BEGIN EXERCISE DATA

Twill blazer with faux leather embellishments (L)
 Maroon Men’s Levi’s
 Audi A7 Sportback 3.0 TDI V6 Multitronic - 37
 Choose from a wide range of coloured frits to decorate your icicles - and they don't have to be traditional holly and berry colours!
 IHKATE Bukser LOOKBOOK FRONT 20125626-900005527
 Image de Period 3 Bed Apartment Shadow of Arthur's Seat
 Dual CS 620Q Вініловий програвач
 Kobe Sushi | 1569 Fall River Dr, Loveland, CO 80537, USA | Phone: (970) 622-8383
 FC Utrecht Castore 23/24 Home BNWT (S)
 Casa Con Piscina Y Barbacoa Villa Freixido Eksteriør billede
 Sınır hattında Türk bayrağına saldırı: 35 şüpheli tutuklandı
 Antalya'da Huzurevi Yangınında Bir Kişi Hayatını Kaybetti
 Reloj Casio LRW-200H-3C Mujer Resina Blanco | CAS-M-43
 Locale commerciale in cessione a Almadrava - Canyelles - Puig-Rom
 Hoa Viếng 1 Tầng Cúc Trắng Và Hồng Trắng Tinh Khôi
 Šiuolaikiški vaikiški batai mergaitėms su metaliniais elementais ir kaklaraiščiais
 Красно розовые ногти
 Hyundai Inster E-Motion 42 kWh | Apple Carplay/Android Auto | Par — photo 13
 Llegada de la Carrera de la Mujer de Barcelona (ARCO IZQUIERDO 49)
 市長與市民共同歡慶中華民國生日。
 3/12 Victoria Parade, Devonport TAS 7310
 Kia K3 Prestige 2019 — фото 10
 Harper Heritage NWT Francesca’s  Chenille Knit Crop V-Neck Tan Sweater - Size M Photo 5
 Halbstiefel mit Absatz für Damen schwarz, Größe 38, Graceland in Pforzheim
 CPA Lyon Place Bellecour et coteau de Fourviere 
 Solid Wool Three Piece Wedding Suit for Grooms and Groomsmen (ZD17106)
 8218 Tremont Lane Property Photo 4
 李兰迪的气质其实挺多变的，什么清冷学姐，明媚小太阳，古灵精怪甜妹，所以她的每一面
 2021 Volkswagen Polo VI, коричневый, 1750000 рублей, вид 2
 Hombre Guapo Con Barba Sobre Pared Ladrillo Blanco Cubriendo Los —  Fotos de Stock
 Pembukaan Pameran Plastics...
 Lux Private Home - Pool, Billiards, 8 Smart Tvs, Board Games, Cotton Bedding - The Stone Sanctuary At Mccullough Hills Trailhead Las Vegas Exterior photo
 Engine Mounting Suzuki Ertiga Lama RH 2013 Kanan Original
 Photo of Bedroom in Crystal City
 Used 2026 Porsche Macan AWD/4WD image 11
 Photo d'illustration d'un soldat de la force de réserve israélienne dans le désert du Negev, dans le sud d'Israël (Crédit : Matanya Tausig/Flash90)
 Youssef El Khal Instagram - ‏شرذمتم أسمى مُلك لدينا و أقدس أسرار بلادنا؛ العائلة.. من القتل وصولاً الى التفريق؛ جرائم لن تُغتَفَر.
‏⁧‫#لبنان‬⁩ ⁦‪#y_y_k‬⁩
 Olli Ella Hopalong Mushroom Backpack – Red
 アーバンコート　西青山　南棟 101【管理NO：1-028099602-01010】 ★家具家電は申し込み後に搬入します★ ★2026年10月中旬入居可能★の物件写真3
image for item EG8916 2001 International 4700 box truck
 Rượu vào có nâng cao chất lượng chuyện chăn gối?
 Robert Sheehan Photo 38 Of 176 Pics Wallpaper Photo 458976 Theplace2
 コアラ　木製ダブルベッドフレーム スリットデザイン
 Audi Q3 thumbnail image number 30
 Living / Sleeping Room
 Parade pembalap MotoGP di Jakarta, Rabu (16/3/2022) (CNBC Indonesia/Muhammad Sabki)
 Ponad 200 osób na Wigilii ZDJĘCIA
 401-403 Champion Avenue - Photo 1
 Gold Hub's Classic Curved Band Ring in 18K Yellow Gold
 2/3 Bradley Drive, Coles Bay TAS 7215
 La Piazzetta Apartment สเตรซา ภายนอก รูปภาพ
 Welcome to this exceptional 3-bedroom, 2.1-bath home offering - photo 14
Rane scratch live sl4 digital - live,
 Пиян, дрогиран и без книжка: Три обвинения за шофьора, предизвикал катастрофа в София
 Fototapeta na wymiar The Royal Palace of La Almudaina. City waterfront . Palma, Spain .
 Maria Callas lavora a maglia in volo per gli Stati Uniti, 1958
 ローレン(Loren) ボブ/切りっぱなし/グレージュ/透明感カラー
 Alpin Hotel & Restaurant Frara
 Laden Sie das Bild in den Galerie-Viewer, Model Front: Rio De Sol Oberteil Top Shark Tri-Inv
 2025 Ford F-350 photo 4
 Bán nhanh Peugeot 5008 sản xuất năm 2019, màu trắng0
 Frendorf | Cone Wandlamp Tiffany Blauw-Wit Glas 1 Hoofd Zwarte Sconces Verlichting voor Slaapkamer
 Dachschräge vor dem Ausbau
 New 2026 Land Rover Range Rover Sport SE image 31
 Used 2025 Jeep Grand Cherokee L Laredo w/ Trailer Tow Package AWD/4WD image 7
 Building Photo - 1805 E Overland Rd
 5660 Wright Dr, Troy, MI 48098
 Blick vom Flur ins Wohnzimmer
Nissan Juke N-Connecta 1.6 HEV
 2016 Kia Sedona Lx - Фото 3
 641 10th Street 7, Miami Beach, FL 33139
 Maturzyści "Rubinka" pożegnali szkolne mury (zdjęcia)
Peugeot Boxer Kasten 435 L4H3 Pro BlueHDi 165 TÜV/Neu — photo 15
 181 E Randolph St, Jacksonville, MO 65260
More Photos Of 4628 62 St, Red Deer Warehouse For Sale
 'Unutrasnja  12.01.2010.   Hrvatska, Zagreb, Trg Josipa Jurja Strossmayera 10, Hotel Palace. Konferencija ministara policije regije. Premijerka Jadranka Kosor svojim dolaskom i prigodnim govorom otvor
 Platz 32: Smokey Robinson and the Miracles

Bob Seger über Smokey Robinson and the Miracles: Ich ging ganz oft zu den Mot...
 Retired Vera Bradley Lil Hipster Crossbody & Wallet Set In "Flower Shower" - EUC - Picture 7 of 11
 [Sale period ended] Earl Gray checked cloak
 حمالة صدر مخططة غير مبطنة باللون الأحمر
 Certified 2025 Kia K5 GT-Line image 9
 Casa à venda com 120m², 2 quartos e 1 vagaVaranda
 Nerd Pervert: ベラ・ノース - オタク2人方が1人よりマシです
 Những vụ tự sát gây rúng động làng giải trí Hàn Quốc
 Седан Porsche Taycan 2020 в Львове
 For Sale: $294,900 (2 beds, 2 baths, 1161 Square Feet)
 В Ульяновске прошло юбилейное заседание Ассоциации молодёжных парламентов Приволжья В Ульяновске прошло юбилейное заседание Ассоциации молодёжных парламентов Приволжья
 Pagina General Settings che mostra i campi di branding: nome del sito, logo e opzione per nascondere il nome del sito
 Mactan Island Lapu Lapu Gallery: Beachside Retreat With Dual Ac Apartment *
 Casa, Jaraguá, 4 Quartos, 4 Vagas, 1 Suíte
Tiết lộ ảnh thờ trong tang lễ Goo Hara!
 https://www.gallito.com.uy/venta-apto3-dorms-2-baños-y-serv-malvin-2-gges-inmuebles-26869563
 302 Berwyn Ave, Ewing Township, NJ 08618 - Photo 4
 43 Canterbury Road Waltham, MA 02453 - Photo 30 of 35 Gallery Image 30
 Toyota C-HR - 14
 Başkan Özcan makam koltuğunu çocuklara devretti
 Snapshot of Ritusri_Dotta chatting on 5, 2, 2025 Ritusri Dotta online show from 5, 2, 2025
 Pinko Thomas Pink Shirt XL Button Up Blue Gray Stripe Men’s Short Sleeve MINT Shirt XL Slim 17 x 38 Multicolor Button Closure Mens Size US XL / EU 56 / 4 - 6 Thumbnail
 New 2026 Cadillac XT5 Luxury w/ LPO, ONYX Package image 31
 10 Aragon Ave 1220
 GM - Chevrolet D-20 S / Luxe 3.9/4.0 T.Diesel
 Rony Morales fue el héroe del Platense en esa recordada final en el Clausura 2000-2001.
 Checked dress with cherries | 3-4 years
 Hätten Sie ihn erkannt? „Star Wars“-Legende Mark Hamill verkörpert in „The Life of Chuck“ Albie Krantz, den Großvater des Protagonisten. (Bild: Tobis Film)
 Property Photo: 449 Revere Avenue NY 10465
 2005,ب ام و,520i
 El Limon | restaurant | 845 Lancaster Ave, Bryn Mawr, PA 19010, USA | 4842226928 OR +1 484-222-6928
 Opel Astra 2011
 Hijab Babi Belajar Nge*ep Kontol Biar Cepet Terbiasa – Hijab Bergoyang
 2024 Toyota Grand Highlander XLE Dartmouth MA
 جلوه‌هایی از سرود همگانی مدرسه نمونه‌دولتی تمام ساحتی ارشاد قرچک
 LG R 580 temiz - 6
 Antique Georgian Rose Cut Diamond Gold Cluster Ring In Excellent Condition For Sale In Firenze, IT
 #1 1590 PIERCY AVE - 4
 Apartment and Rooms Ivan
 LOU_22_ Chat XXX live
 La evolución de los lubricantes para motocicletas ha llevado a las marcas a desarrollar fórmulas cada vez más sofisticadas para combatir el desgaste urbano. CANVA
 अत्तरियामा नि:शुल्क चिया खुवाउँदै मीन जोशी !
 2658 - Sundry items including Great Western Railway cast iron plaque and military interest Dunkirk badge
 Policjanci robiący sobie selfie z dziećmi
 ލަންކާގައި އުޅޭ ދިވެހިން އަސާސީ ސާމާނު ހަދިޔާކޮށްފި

END EXERCISE DATA

Take the lines above from the first through the one containing "IHKATE Bukser LOOKBOOK" and reproduce them exactly; include nothing else.

**SOLVED PROBLEM:**
Twill blazer with faux leather embellishments (L)
 Maroon Men’s Levi’s
 Audi A7 Sportback 3.0 TDI V6 Multitronic - 37
 Choose from a wide range of coloured frits to decorate your icicles - and they don't have to be traditional holly and berry colours!
 IHKATE Bukser LOOKBOOK FRONT 20125626-900005527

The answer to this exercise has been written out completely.